Difference between revisions of "Proposal: Disk import/export"

Revision as of 08:27, 17 October 2013

Proposal to improve disk import/export

There are various ways to move a disk into or out of a system via the XenAPI, both "official" (ie. via an API) and "unofficial" (ie. by working around missing APIs). Many of the "official" ways to move disks around use non-standard and poorly-documented protocols and formats, which inhibits interoperability with other services such as CloudStack and OpenStack. The "unofficial" ways are often risky since they potentially conflict with running operations (e.g. vhd coalesce).

Disk import/export is a fundamental ability of a virtualisation platform, and good support for it is demanded by all users: traditional server virt users need off-site incremental backup; cloud orchestration layers need to deploy images from central repositories; everyone benefits from being able to quickly move gold image disk volumes around.
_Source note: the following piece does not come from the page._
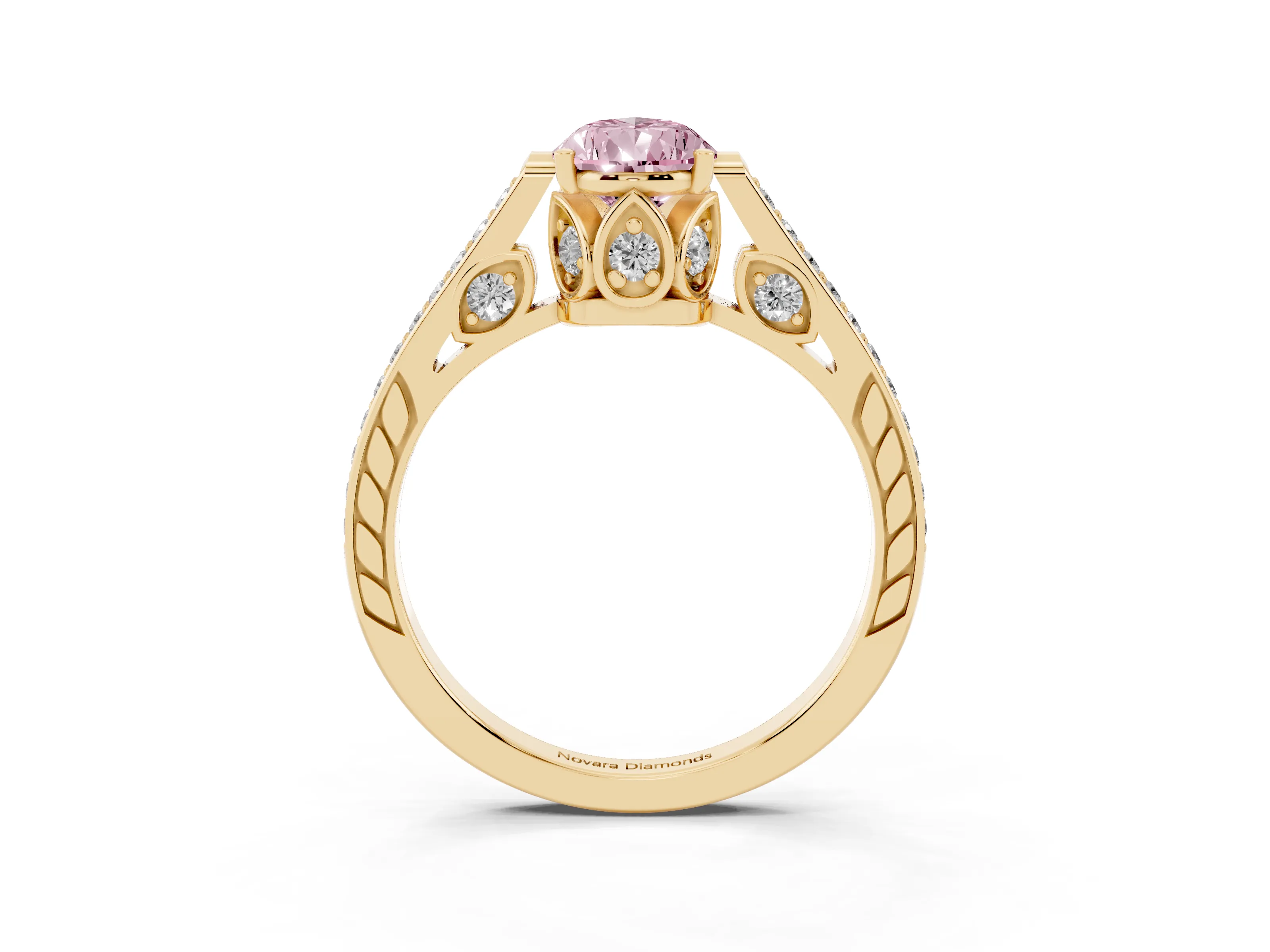 Fancy Pink Pear Cut Diamond Cathedral Pavé Engagement Ring Set in Yellow gold with Prong Setting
This document starts with an overview of what we currently have; followed by an analysis of use-cases we'd like to support (or improve our support for); followed by a set of principles to govern our designs; and finally by a proposed set of APIs and CLI commands.

What do we currently have?

The following sections describe the current mechanisms, who is known to use them, advantages and disadvantages of each.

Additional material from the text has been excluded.